Hurricane Gert is currently southeast of the North Carolina coast (at 9:00 am on Tuesday, August 15, 2017). She is a Category 1 hurricane with sustained winds at 75 miles per hour. Expect her to turn toward the northeast today and strengthen a little before she becomes a post-tropical storm in the North Atlantic later this week. At this point, the only effect our coast will feel will be from swells and rip tides. As a friend of mine put it, “She’s a good surfing storm.”
What a difference two weeks has made! When I first started watching the forecast models and how they were handling the would-be tropical system, the GFS showed Gert slamming into the coast of Georgia at about 2 AM Thursday. According to the National Hurricane Center’s 5 AM advisory today, by early Thursday morning, Gert should be far from land in the North Atlantic – still a hurricane, but not a threat to anything but transportation lanes on and over the ocean.
So, what did I learn or confirm from this little exercise?
A forecast two weeks in advance may have some hint of what is to come, but the details are far from exact. On Thursday, there will be a hurricane in the Atlantic, but the positioning, strength, and direction were all wrong. While I suspected as much, I wanted to prove it to myself and my readers with documentation.

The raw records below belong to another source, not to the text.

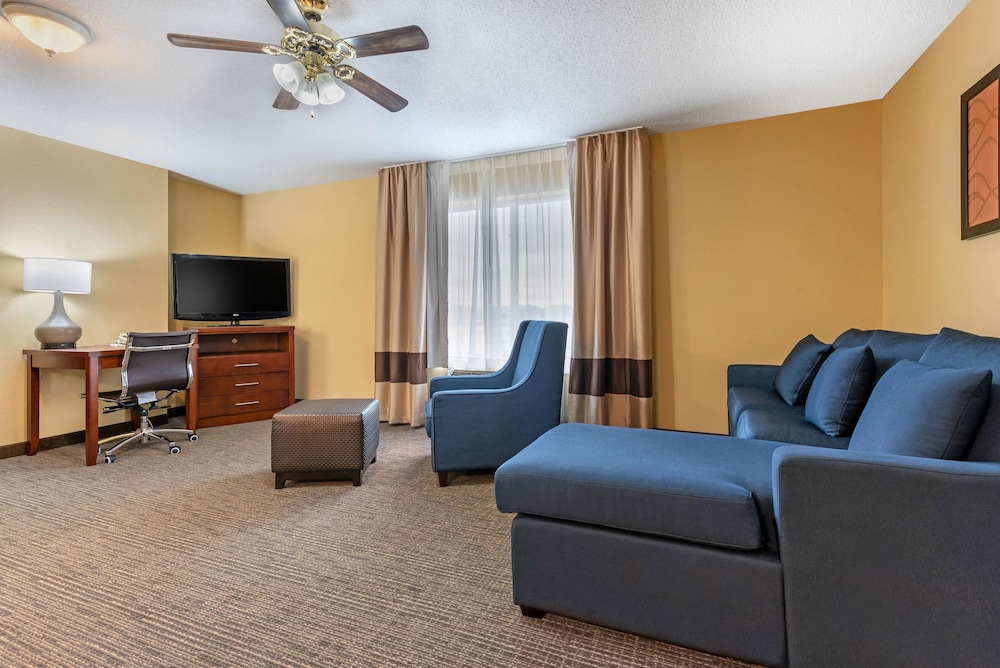 Comfort Suites Findlay I-75 near Sports Complex 23/31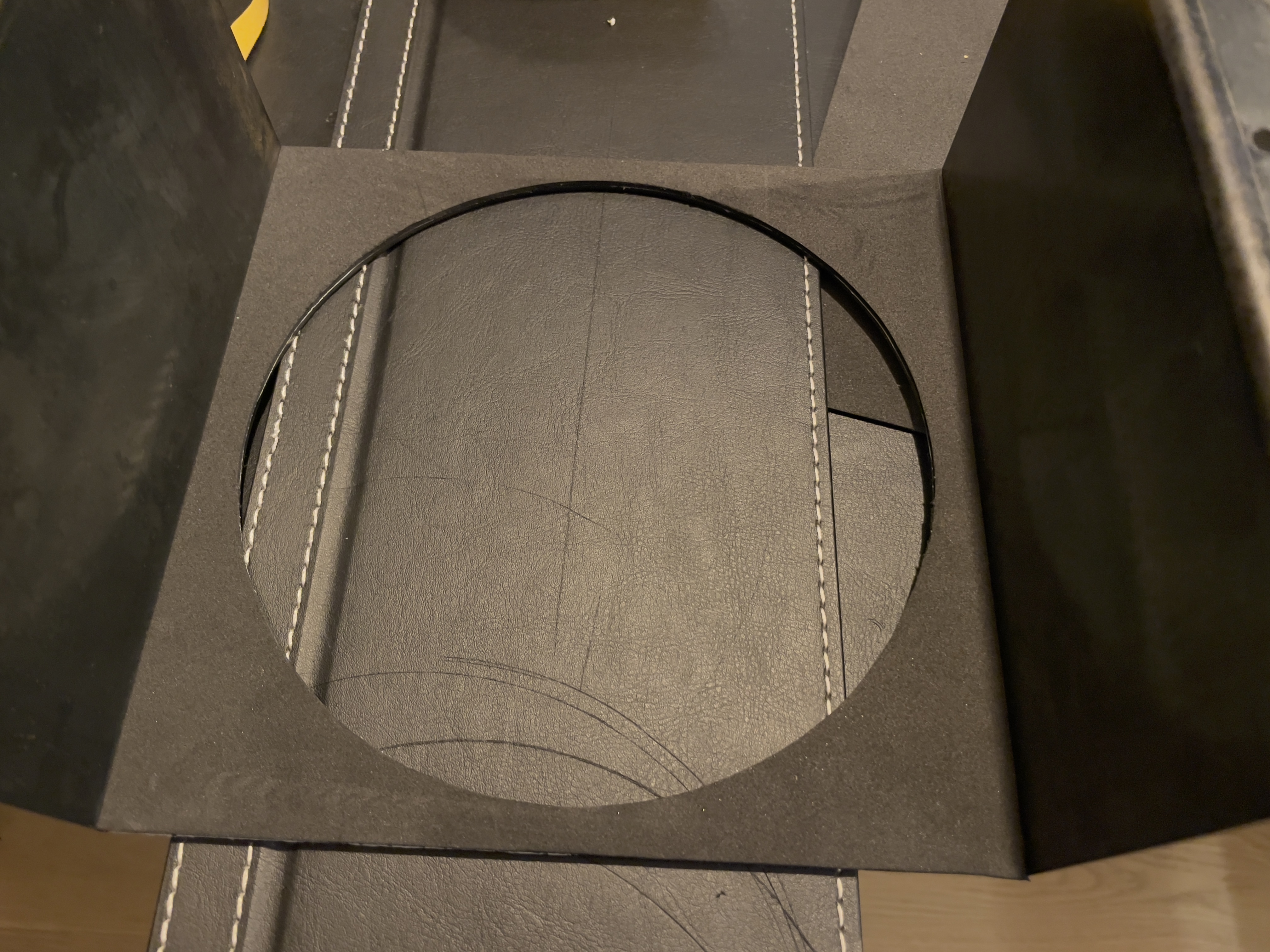 Photo montrant la mousse sur le support de fixation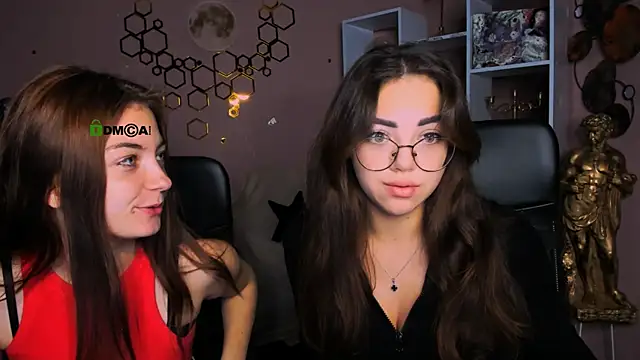 Snapshot of baby_hotte chatting on 20, 11, 2025 baby hotte online show from 20, 11, 2025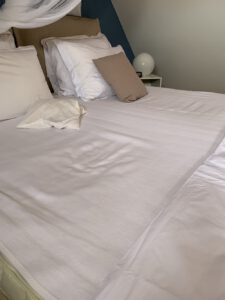 Meine Erfahrungen mit Bett und Matratzen von coco-Mat. , Kameilia Topper, 6 Monate alt und durchgelegen, Schminktante, Anja Frankenhäuser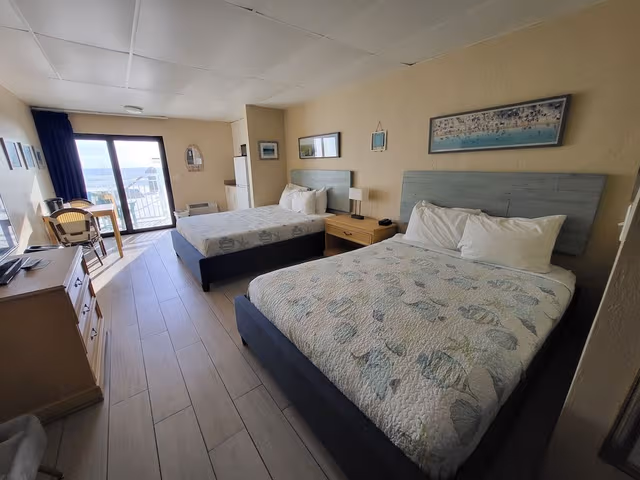 Standard Room, 2 Queen Beds, Kitchenette, Partial Ocean View (Poolside)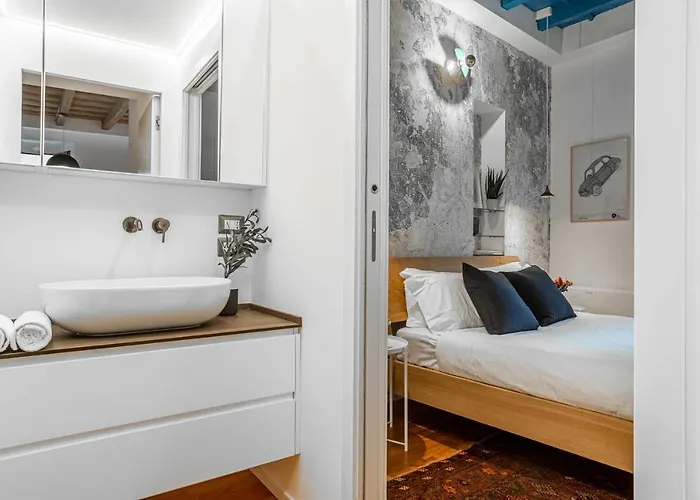 Easylife - - Mora 2 - Navigli * Mediolan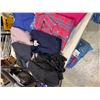 Image 4 : Small medium clothing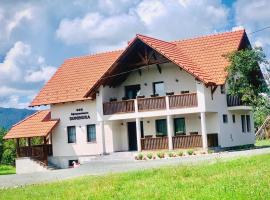 Agropensiunea Duminora, farm stay in Lăschia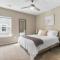 Sophisticated 3BD/2BA Retreat: Pool, Gym, Laundry - ملبورن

Hurricanes aren’t the only events people ask about, tempting meteorologists to forecast several weeks in advance. The weather for the solar eclipse on Monday is another example. I’ve been asked how the weather will be on that day at certain locations since last month. It was difficult to hold my snarky replies in check. Anyone forecasting weather a month in advance is either looking at climatology, or she’s rolling the dice, throwing a dart, or guessing randomly. There is a chance to be right, but more than likely, she won’t be. So, I didn’t even try it, especially for an event inspiring such anticipation.
I have a sweet cousin getting married in upstate New York on August 26. Sure, I looked at what the models are predicting this morning while I was making the Wake Forest and Butner-Creedmoor forecasts. I didn’t like what I saw. Her outside wedding could end up wet. Of course, I could tell you that part anyway because that is the nature of planning an outdoor ceremony. Will I urge her to move it inside based on a long-range forecast model 12 days in advance? Heck no! I’m not even going to mention the possibility of another hurricane being just off the east coast that weekend.